À l’œuvre, le très discret Sébastien Russo, qui du fond de son usine, ne pensait qu’à dessiner. Jusqu’au jour où il découvrit Philippe Druillet « Le choc ! » À 25 ans, Sébastien réussit le concours des Beaux-Arts de Lyon; Atteint d’une myopathie évolutive, Sébastien continue pourtant à faire l’ouvrier. Il profite d’un licenciement pour passer un BTS d’illustrateur, à 44 ans. « Au moment où je me suis dit qu’il fallait que je me consacre à ma peinture, j’ai été reconnu en invalidité ».
À Tours en 2010, il rencontre Bernadett. Elle le porte dans cette idée qui mijote depuis longtemps, créer un magazine.
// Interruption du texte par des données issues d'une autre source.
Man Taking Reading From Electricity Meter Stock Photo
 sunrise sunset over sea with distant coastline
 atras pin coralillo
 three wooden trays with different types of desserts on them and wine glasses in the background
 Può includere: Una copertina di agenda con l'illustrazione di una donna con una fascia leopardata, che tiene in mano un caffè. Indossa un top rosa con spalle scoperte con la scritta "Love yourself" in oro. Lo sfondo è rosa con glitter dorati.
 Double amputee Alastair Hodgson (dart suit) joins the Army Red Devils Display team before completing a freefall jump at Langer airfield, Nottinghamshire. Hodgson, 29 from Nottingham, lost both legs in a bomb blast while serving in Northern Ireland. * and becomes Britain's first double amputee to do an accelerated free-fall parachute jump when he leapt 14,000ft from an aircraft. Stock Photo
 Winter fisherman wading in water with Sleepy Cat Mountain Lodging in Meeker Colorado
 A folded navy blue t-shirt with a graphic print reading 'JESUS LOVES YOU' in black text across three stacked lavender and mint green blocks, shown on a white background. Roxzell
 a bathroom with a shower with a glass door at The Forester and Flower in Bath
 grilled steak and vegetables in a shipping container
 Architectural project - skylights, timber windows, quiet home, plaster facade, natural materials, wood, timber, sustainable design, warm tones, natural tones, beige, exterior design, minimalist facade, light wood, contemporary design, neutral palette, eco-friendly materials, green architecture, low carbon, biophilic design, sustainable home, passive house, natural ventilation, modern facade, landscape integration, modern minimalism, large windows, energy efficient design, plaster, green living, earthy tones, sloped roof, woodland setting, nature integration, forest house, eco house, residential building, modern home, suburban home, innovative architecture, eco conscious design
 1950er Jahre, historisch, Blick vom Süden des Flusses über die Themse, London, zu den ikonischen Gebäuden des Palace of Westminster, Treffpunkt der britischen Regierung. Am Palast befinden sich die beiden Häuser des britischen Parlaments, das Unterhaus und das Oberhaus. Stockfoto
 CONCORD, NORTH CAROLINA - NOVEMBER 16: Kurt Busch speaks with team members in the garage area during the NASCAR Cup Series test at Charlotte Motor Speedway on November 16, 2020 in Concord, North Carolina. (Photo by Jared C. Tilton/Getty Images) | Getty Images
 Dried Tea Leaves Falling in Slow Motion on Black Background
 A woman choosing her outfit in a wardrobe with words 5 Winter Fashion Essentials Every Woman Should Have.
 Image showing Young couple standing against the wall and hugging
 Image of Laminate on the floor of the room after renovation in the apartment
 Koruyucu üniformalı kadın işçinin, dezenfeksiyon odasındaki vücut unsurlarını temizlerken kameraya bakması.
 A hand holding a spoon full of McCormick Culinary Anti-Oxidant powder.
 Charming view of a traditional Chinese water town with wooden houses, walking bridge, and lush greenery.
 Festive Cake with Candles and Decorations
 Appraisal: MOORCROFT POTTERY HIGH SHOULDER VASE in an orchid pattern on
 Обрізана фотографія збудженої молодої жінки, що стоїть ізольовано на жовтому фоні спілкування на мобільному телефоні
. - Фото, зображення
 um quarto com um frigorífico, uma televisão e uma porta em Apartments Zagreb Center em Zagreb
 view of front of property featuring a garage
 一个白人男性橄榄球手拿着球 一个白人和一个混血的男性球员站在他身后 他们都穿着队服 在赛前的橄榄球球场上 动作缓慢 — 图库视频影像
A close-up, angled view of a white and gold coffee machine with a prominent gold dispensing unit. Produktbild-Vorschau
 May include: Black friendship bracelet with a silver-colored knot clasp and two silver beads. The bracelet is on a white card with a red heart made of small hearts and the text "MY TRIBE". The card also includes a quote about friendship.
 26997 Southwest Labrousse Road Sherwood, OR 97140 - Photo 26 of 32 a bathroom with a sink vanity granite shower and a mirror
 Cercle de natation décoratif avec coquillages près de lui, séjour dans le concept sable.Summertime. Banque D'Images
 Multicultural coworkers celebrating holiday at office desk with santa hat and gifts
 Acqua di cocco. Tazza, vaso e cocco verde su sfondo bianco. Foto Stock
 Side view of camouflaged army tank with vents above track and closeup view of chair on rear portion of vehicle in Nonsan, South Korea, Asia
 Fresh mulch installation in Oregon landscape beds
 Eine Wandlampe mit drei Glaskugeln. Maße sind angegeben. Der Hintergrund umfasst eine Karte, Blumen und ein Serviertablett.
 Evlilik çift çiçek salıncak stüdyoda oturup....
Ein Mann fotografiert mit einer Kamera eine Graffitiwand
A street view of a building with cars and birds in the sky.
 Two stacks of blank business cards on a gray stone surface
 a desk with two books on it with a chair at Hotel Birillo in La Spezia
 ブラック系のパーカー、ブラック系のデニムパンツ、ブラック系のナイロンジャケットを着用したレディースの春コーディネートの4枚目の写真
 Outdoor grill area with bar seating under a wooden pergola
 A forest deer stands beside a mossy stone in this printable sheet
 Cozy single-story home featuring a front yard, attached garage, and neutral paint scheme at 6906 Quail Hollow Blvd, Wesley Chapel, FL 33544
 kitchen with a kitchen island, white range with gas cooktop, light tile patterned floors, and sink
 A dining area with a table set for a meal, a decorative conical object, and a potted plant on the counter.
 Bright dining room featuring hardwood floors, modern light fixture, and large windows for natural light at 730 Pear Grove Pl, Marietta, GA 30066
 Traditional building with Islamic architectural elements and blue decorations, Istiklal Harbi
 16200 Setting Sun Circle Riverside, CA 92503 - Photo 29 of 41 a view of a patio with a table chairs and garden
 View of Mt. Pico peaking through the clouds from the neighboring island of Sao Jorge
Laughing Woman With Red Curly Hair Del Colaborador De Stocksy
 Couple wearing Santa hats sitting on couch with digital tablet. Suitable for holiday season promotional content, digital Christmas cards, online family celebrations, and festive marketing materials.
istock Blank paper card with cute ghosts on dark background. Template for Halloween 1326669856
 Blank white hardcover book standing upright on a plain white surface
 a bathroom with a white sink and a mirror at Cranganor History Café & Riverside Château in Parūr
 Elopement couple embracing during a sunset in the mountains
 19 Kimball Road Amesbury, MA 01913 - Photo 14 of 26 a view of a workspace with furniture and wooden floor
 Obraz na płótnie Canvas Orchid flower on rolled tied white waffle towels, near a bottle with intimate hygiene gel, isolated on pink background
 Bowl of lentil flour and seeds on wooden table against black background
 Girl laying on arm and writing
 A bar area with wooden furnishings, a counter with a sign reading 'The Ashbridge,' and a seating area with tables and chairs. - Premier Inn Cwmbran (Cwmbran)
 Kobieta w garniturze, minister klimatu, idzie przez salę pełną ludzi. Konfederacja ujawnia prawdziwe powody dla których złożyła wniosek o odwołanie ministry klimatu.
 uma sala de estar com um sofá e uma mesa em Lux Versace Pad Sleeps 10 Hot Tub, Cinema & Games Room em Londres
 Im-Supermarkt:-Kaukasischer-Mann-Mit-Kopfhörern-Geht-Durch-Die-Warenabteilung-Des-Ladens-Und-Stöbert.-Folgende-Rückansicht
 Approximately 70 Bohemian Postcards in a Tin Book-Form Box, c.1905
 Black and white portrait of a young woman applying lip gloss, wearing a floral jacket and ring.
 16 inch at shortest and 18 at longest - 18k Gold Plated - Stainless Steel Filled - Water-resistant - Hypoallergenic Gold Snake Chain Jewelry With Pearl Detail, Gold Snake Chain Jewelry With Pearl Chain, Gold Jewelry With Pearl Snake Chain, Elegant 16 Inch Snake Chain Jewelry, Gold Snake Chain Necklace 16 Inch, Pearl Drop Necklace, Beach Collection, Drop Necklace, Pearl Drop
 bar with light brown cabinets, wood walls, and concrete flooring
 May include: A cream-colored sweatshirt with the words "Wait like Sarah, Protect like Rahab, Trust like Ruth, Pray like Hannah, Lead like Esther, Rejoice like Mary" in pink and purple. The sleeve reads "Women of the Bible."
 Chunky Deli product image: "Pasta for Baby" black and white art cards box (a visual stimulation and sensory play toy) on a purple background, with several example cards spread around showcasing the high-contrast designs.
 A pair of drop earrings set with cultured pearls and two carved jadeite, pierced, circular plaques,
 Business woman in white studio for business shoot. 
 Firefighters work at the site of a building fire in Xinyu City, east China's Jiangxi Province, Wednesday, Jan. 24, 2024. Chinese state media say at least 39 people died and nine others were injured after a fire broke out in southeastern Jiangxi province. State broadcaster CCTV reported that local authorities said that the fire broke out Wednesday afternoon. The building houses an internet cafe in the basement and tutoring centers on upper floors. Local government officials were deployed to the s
En 2017 naît Trakt, le journal de l’art post-brut et néo-singulier « Sans le vouloir, on a créé un mythe, la revue dans laquelle il faut être ; c’est devenu un objet de promotion des artistes ». Certains évoquent même le célèbre magazine américain Raw, comparaison on ne peut plus flatteuse pour Sébastien, très admirateur du travail de sa cofondatrice Françoise Mouly et de ses couvertures du New Yorker.
Pour et par les artistes
Un concept hors normes. Nul arbitrage de critique d’art. Des artistes qui écrivent sur leurs œuvres ou celles de leurs amis. Des histoires. Des interviews décalées. « La femme de Robert Combas a raconté son confinement et m’a envoyé des photos inédites de ses dessins. Je préconise d’écrire comme on le sent, avec sincérité. » Trois numéros par an. Un tirage de 300 exemplaires. Trakt est vendu 10 euros sur internet et dans les musées européens d’art brut. Sébastien et Bernadett cherchent à s’ouvrir sur d’autres médiums. Les partenaires sont bienvenus, « pour que l’on puisse baisser les frais de port et multiplier les tirages, voire le vendre en librairie ».
De festivals en musées, ces passionnés ont réussi à se créer un solide réseau, illuminé par les grands anciens Cérès Franco et André Robillard. Le timing semble jouer en leur faveur : « L’art singulier explose en ce moment et à Tours, on a un beau potentiel ».